Paramount // PG-13 // April 11, 2006
List Price: $19.99 [Buy now and save at Amazon]

Review by Phil Bacharach | posted April 18, 2006 | E-mail the Author
The Movie:

As if the world needed another case of Tom Cruise at his most insufferable, here comes the special collector's edition of Mission: Impossible. While the 1996 movie's retooling is surely about amplifying buzz for this summer's upcoming Mission: Impossible III, it also effectively reminds us how America's most famed Scientologist had his eye-rolling moments long before he became a self-styled expert on psychiatry, post-partum depression and South Park.

Loosely based on the old espionage television show of the late 1960s, Mission: Impossible stars Cruise (who also co-produced) as secret agent Ethan Hunt, the "point man" for a team of IMF spies headed by Jim Phelps (Jon Voight reprising the only character originally from the TV series). Trouble ensues when Phelps' team is assigned to keep a list of U.S. spies' covert identities from falling into the hands of a mysterious baddie named Max (Vanessa Redgrave). At a cocktail party at the U.S. embassy in Prague, Ethan and his colleagues try intercepting the sale, but there is an ambush and all the agents are slain.

Except Ethan, that is (incidentally, this all happens early in the film, so don't worry about any spoilers being revealed). Being the sole survivor doesn't sit too well with IMF chief spook Kittredge (Henry Czerny), who informs Ethan that the mission had been a subterfuge to ferret out a traitor on Phelps' team.

And since Ethan is the last guy left standing …Well, you get the picture. Now under suspicion by his own agency, Ethan must clear his name and track down the real mole.

But the plot isn't too important – which is a good thing, too, since portions of it are just plain convoluted. Despite a screenplay by first-rate writers David Koepp and Robert Towne, the movie's chief reason for existing (aside from giving Cruise an opportunity to smile, smirk and sneer) is to let director Brian De Palma flex his gifts for suspenseful set pieces.

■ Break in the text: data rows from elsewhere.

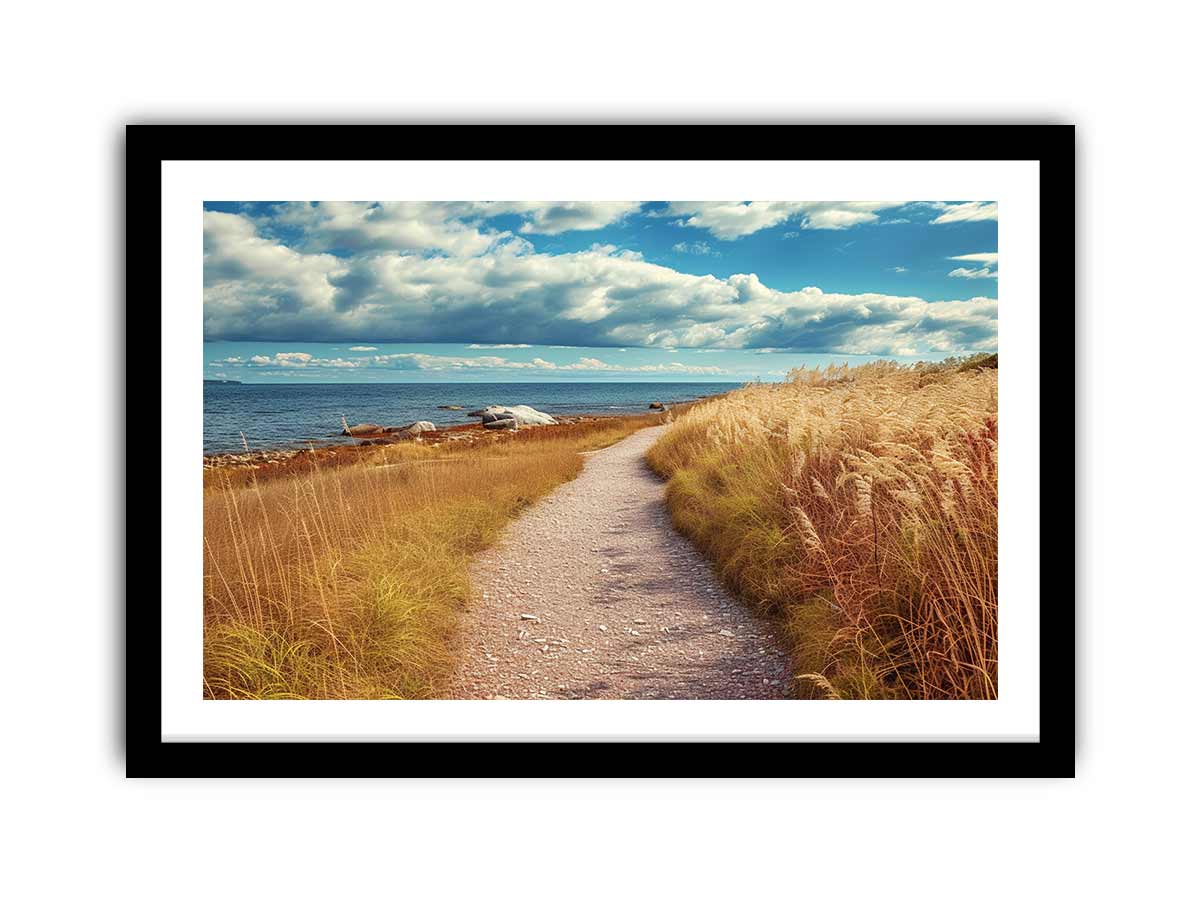 Beach Path Framed Print-0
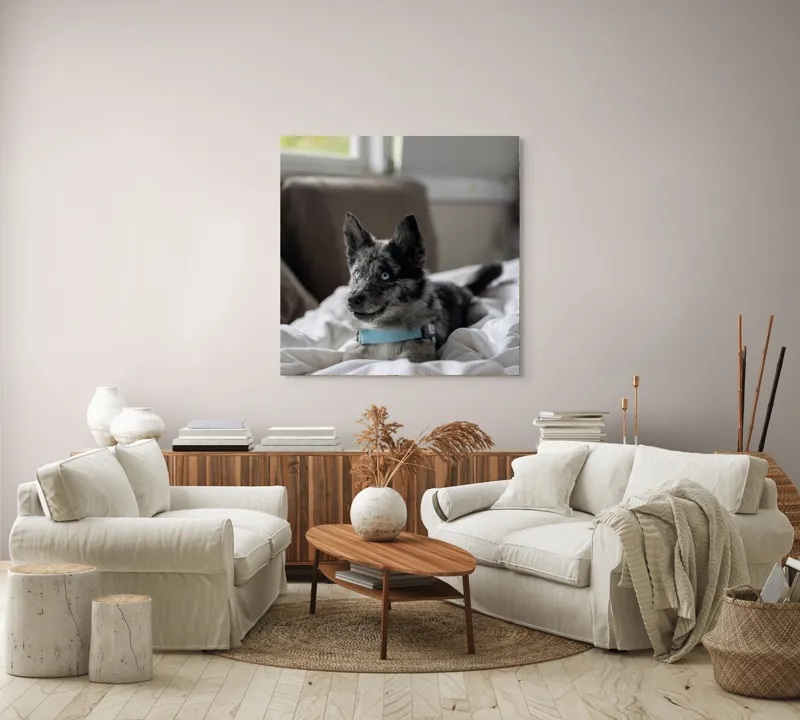 Tablou Canvas, "Căţelul albastru cu privire curioasă", 100 x 100 cm – poza 3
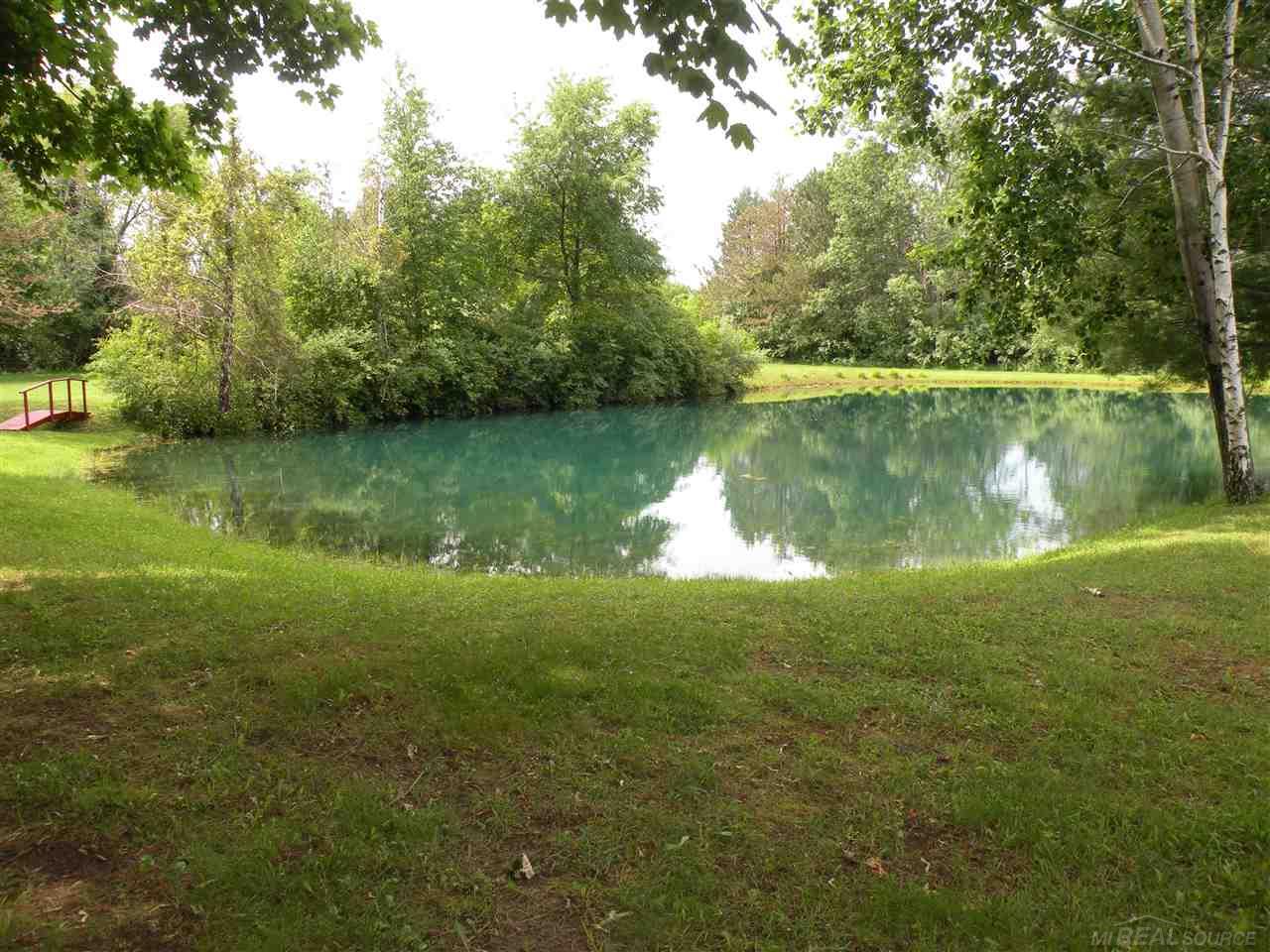 6335 Townsend Road Applegate, MI 48401 - Photo 12 of 44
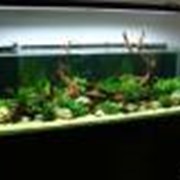 Пресноводный аквариум фото
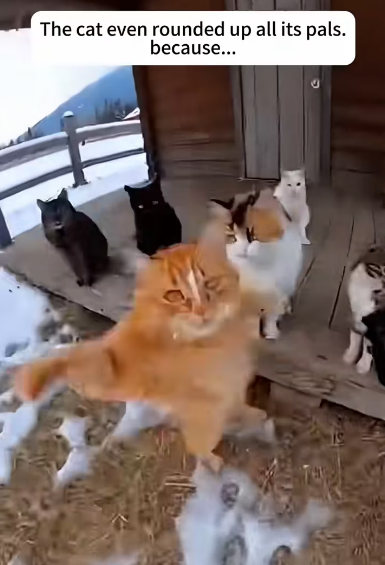 P0902008 cat rescued puppy jaws of tiger (Part 2)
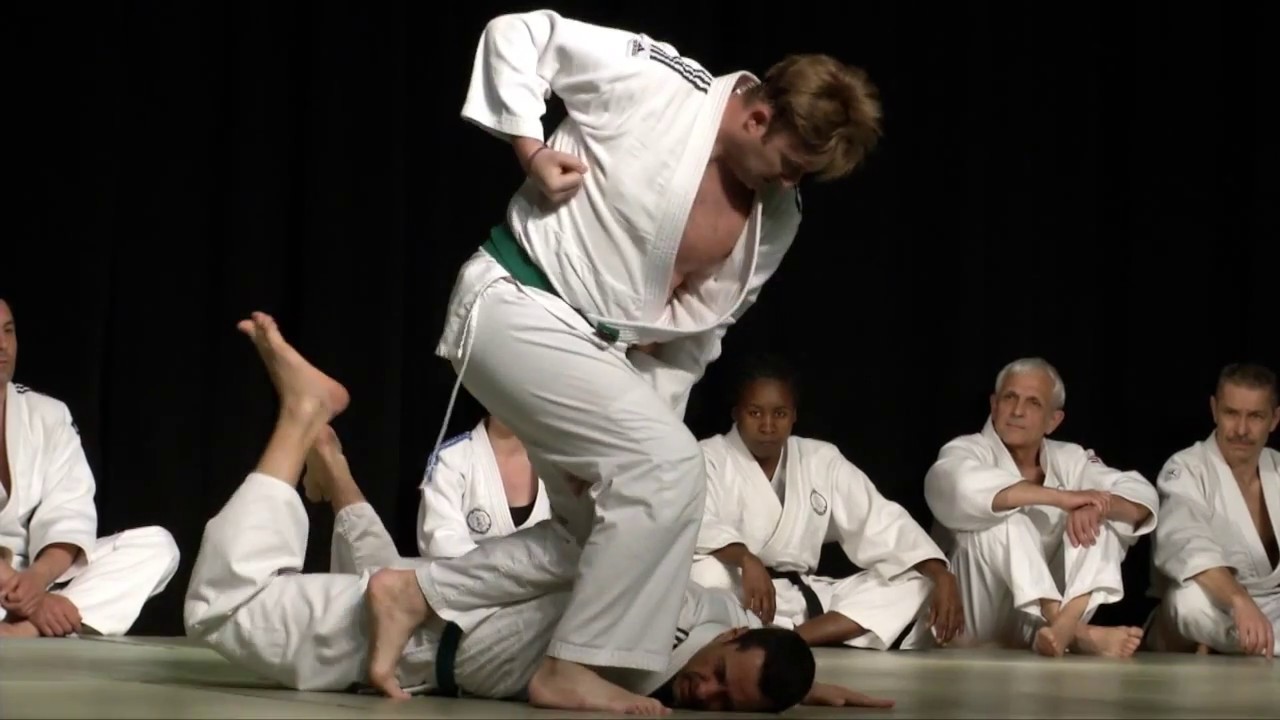 Gala des Arts Martiaux d'Aucamville 2015 - Jujitsu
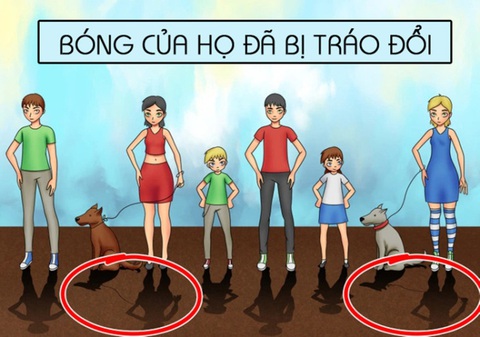 Bạn có phát hiện ra con vẹt đuôi dài trong 5 giây? - Ảnh 1.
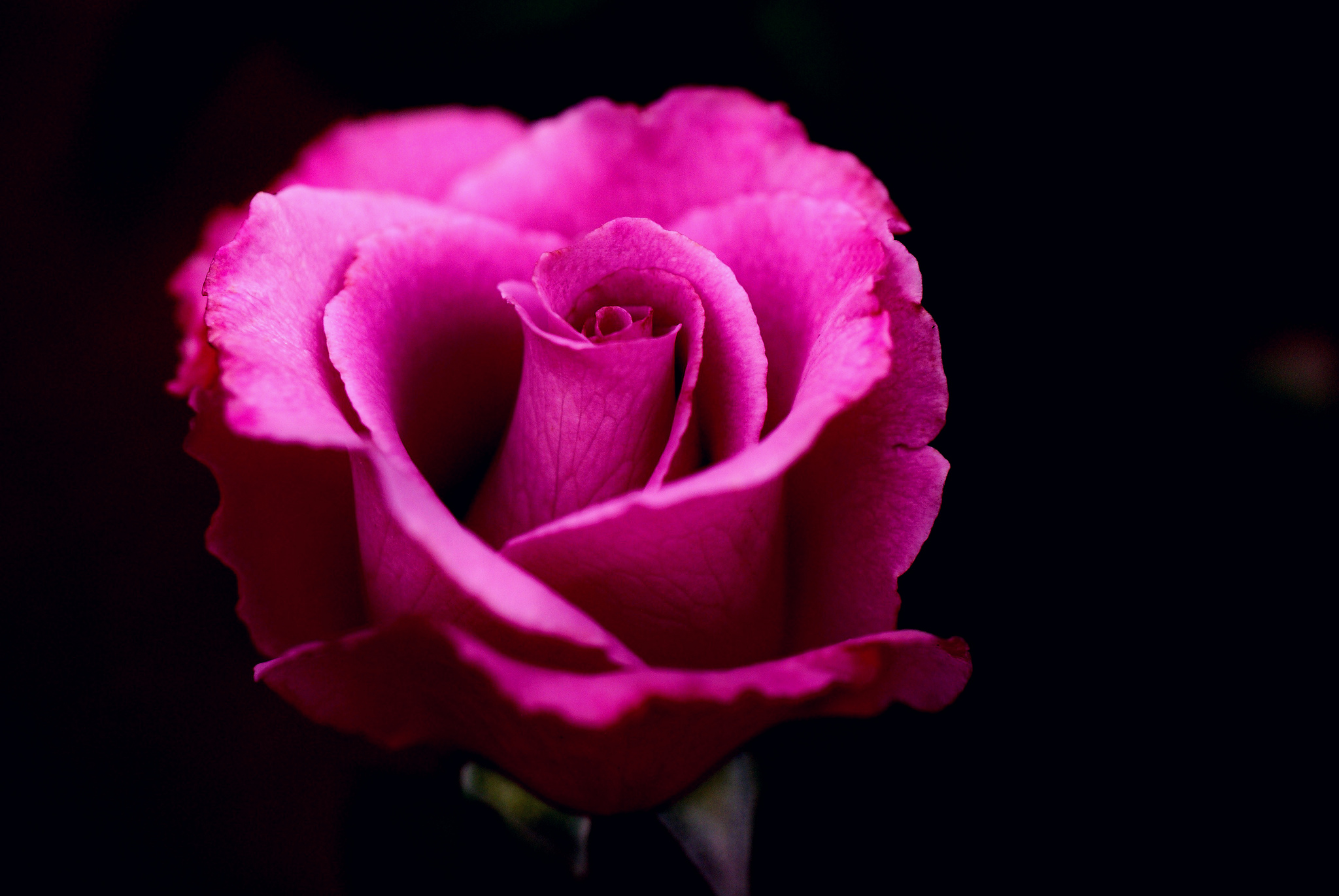 Скачати мобільні шпалери Квітка, Роза, Земля, Впритул, Рожева Квітка, Рожева Троянда, Флауерзи безкоштовно.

There are three such set pieces in Mission: Impossible, each one well-crafted and obviously heavily storyboarded. The most successful also happens to be the leanest, in which Cruise and a makeshift team of "disavowed" spies (Jean Reno, Ving Rhames and Emmanuelle Beart) break into CIA headquarters to steal some super-secret files. With Cruise dangling by cable from a hole in the ceiling, he must hack into a computer in a room where the slightest temperature change or pressure on the floor will sound alarms. It is vintage De Palma, which is to say it's a vintage homage to Hitchcock (what else is new?), although the scene's deafening silence also recalls the famed heist sequence in Jules Dassin's Rififi.

Now, for the disappointing news: Those three set pieces are not the entire film. Too much of Mission: Impossible is impossibly dull. De Palma's pacing is surprisingly limp. One can't help thinking that, somewhere along the way, the proceedings shifted into a Tom Cruise vanity project.

The DVD

The Video:

It might be a special collector's edition, but the picture quality is hardly pristine. Presented in widescreen 2.35:1, Mission: Impossible is serviceable, but it is disappointing to spot some white flashing on the left side of the screen in one early scene. Elsewhere, there are hints of grain in a few nighttime scenes. Neither defect is a deal-breaker, but c'mon – the movie is only 10 years old.

The Audio:

Audio tracks include 5.1 Dolby Digital Surround and 2.0 Surround, with French dubbing also available in 2.0 Stereo. The 5.1 is the obvious choice, and it is of very good quality, making judicious use of sound separation. The only complaint, and it's a minor one, is an inconsistency of volume. Occasionally Danny Elfman's thundering music score is followed by subdued, quasi-muffled dialogue.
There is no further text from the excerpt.